→ **Raw data**:
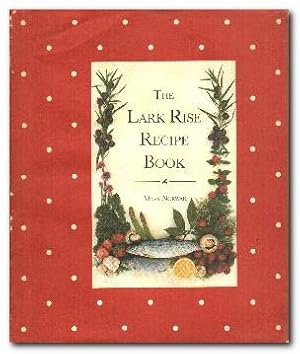 Seller image for The Lark Rise Recipe Book for sale by Darkwood Online T/A BooksinBulgaria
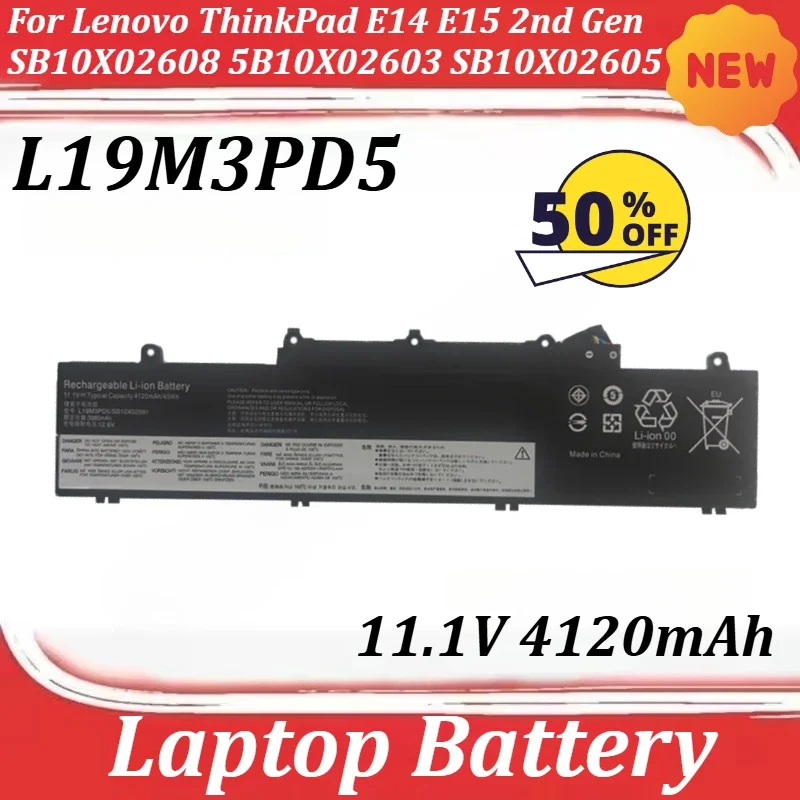 

Аккумулятор для ноутбука L19M3PD5 11.1V 4120mAh для Lenovo ThinkPad E14 E15 2-го поколения SB10X02608 5B10X02603 SB10X02605 L20S3PD4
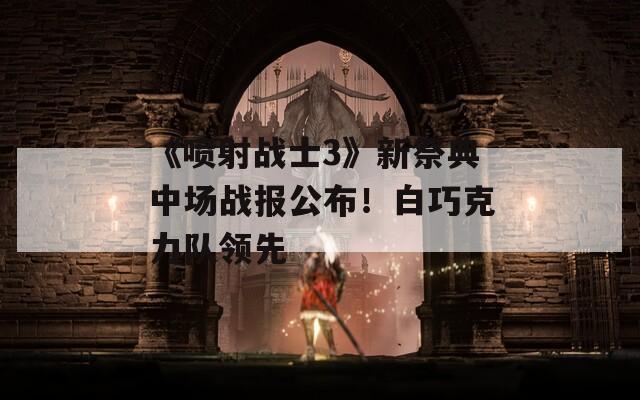 《喷射战士3》新祭典中场战报公布！白巧克力队领先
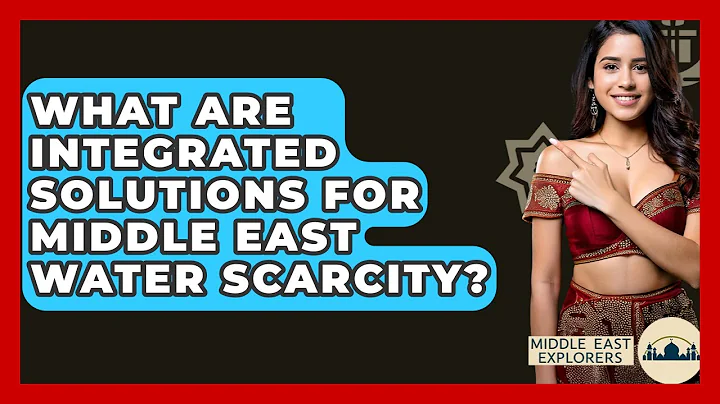 What Are Integrated Solutions For Middle East Water Scarcity? - Middle East Explorers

→ **Aim of the task**: From the first line of the material to the last, retype everything exactly except the images.

→ **Output for this exercise**:
 Seller image for The Lark Rise Recipe Book for sale by Darkwood Online T/A BooksinBulgaria

Аккумулятор для ноутбука L19M3PD5 11.1V 4120mAh для Lenovo ThinkPad E14 E15 2-го поколения SB10X02608 5B10X02603 SB10X02605 L20S3PD4
 《喷射战士3》新祭典中场战报公布！白巧克力队领先
 What Are Integrated Solutions For Middle East Water Scarcity? - Middle East Explorers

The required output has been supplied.